As minhas memórias da guerra
- Em breve completarei 40 anos. Mas a minha 1ª memória de guerra (de criança) resultou duma experiência ocorrida numa tarde de Sábado ou Domingo à tarde.. - em que visitei um certo "Museu de Guerra" - pela mão do Tio Quim - autor alí do Memórias Futuras -. Nesse museu - viam-se peças de guerra do tempo da II Guerra Mundial; ao mesmo tempo que despontavam as guerras de libertação no chamado Ultramar português, ao lado doutras guerras no mundo - como a do Vietnam - que foi um "berbicacho" para os EUA.
- Dentro desse museu - do alto dos meus 7/8 anos corria que nem um desalmado - percorrendo todos os dispositivos de guerra alí expostos: tocava-lhes, cheirava-os, admirava-os. Completava essa azáfama excitante experimentando a cadeira de um helicóptero que permitia fazer disparos que em função da habilidade de cada visitante tinha os seus scores ou pontuações. Era, pois, um convite à energia de guerra, toda aquela exposição de material bélico era uma encenação da própria guerra.
- Ao sentar-me naquela cadeira de disparo recriava automáticamente na minha mente imagens de guerra, bombardeamentos de cidades, vilas e aldeias, matando crianças, adultos e velhos, destruindo culturas e animais indispensáveis à sobrevivência humana de todas aquelas comunidades. Tudo isso decorria enquanto não havia (ainda) video-jogos nem TV a cores. Muitas crianças como eu se perfilavam naquela cadeira aguardando a sua vez para exercitar o campo de tiro - em extâse... por entre aquela galeria de velhas relíquias de high-Tech.
- Sucede, porém, que à saída do museu onde decorria essa exposição de aparelhos de guerra - na altura venerados por quase todos - fiquei confuso, pois deparei-me com um grupo alargado de homens e mulheres - empunhando placas e letreiros (inspiradores dos modernos Outdoors) revoltando-se contra as guerras de então e, em especial, contra aquela exposição em concreto que decorria naquele museu - que permitia a miúdos como eu satisfazerem as suas pulsões de morte carregando no gatilho a torto e a direito.

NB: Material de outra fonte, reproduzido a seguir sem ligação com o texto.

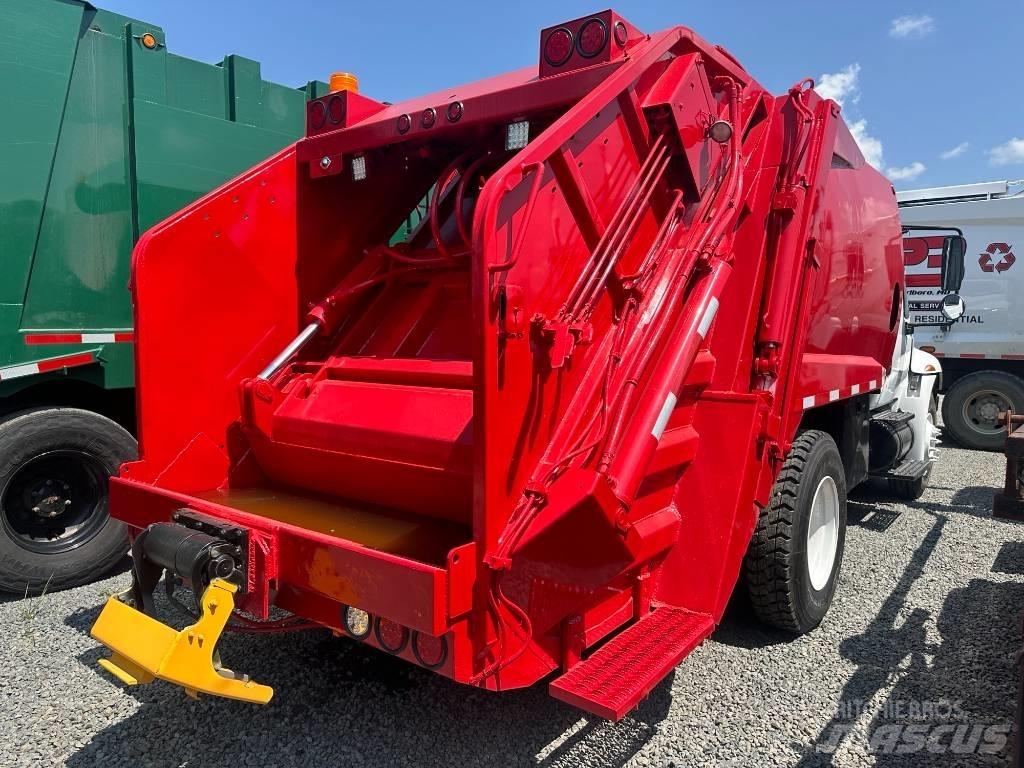 International 4300 Atik kamyonlari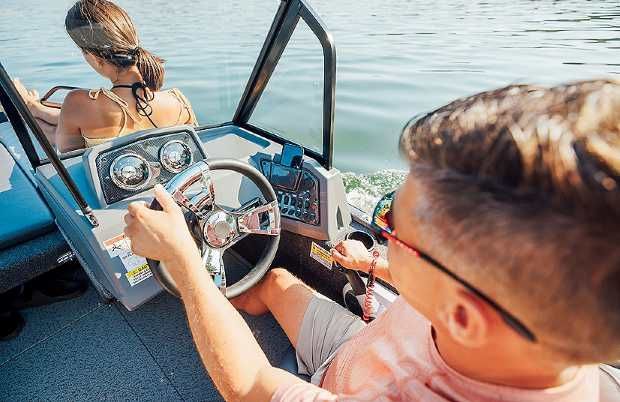 2021 Lowe Boats FS 1900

- Politicos de esquerda, sindicalistas, católicos, líderes da sociedade civil e membros da população em geral - todos se revoltavam contra aquela exposição de guerra promovida pelo museu de Guerra que então visitara - e que, segundo aqueles protestantes não era mais do que um elogio macabro da morte.
- Hoje, à medida que as guerras se tornam mais reais e matam mais pessoas, compreendo as razões daquele protesto contra aquele tipo de divertimentos pela destruição, pela promoção dos chamados sistemas da morte do III milénio.

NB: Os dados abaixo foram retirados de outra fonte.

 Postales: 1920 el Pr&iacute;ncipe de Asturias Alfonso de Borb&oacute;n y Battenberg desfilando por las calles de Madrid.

- Hoje, volvidos cerca de 30 anos, compreendo bem as razões contra aquele protesto que visava pôr fim à simulação da morte promovida por aquele museu, por incutir nas crianças, nos jovens e nos adultos que o visitavam uma certa ideia de "divertimento" cujo fito era banalizar e trivializar a guerra e o próprio valor da vida.

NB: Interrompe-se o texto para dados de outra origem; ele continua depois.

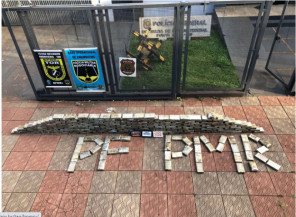 PMR prende indivíduos com cerca de 280 kg de cocaína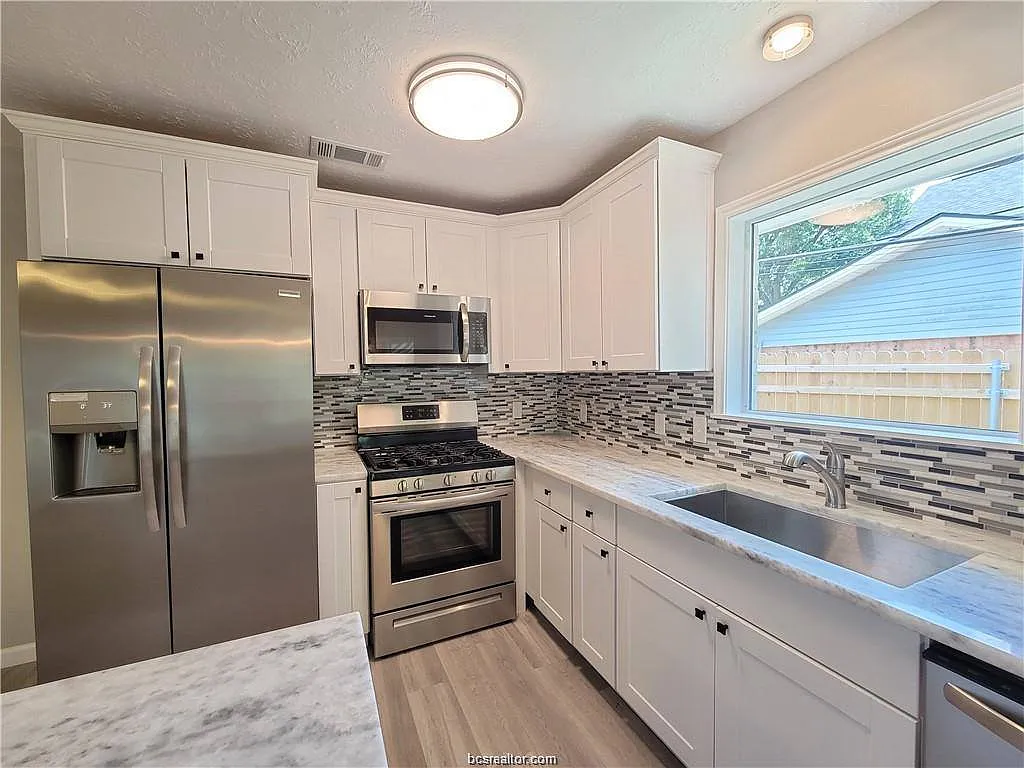 3 bed, 1141 sqft, $2,000 — Photo 3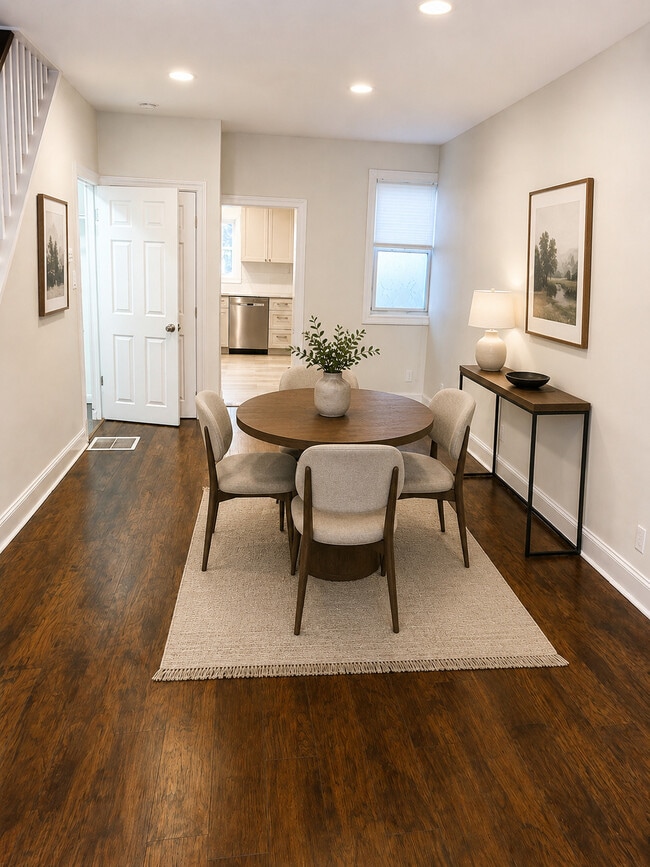 Photo - 2871 Chatham St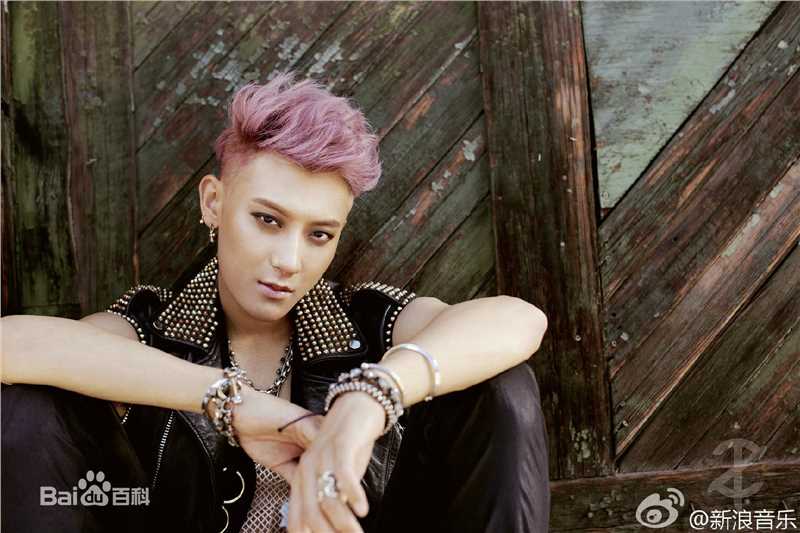 黄子韬(Z.TAO、 、タオ)官方图片前后照片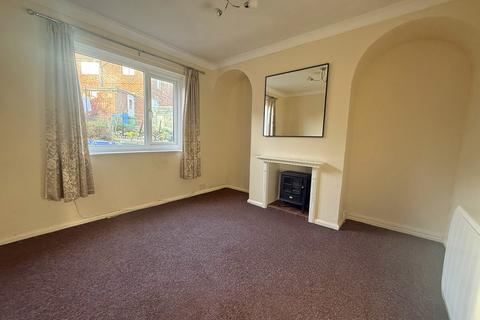 3 bedroom semi-detached house for sale, The Uplands, Scarborough YO12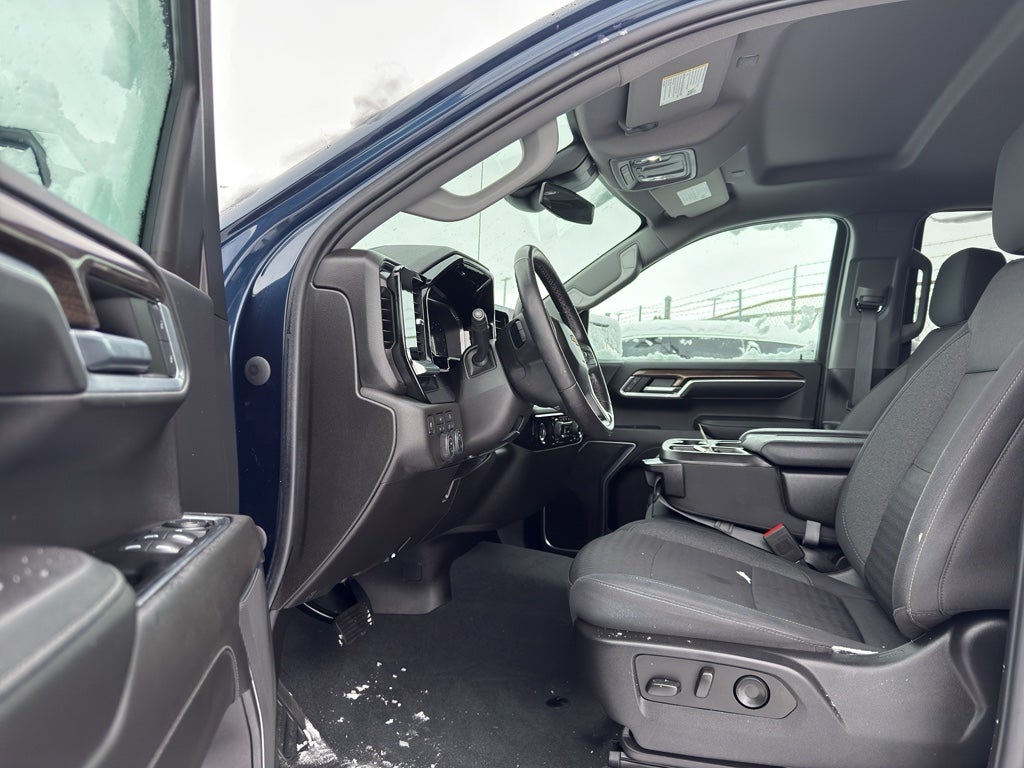 2022 Chevrolet Silverado 1500 Crew Cab Short Box 4-Wheel Drive LT 2FL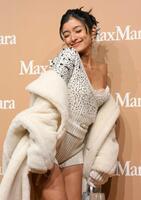 　ＭａｘＭａｒａのイベントに登場したローラ（撮影・伊藤笙子）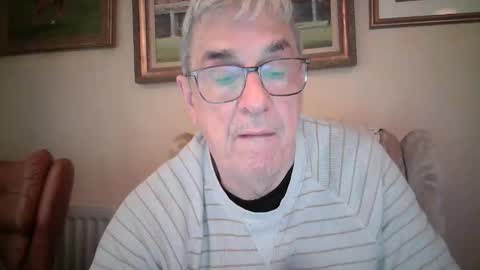 whitebriefs009 online show from September 28, 2025, 7:36 am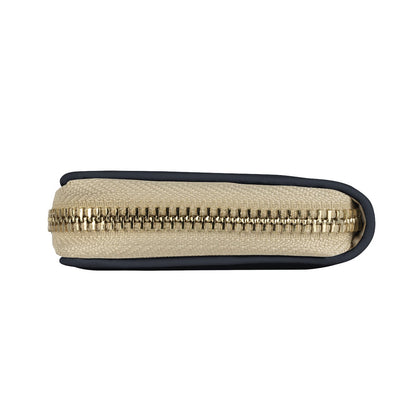Freedom Flyer: Celebrating the Bald Eagle as a Symbol of Freedom and Strength in the USA Zipper Card Holder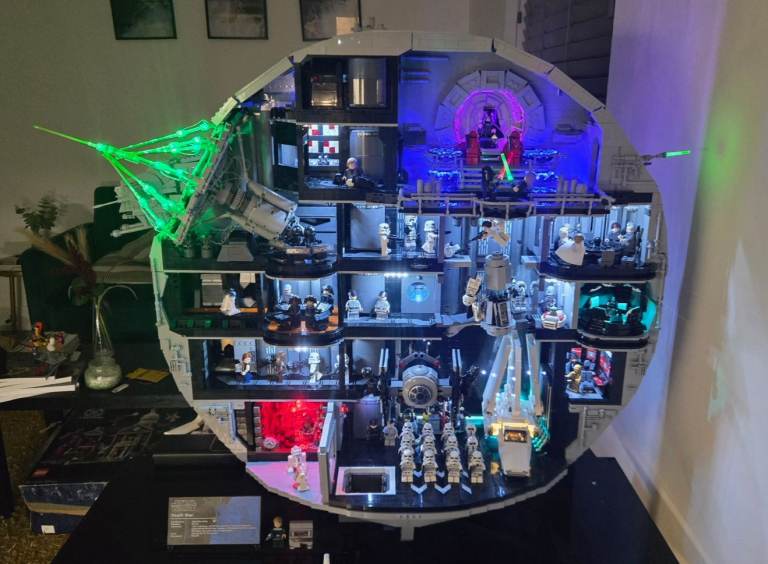 LEGO Death Star 2025 Fully Built With Expensive Light Kit Installed AND IN CUSTOM DISPLAY CASE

- Eis as minhas memórias de guerra vivenciadas ao lado de meu tio (a quem dedico estas memórias) - que as experimentou de muitas outras maneiras. Mas ao vermos as imagens de guerra (israelo-árabe) que hoje nos tiram o apetite à hora das refeições - percebi que devemos pensar que a Guerra é um Inferno e, por essa razão, devemos entender que ambos os lados estão morrendo por aquilo em que acreditam e por aquilo a que julgam ter direito. Nem que para isso tenham de pagar a factura com as suas próprias vidas. Isto dá-me que pensar, mesmo sabendo que a guerra é, de facto, um inferno.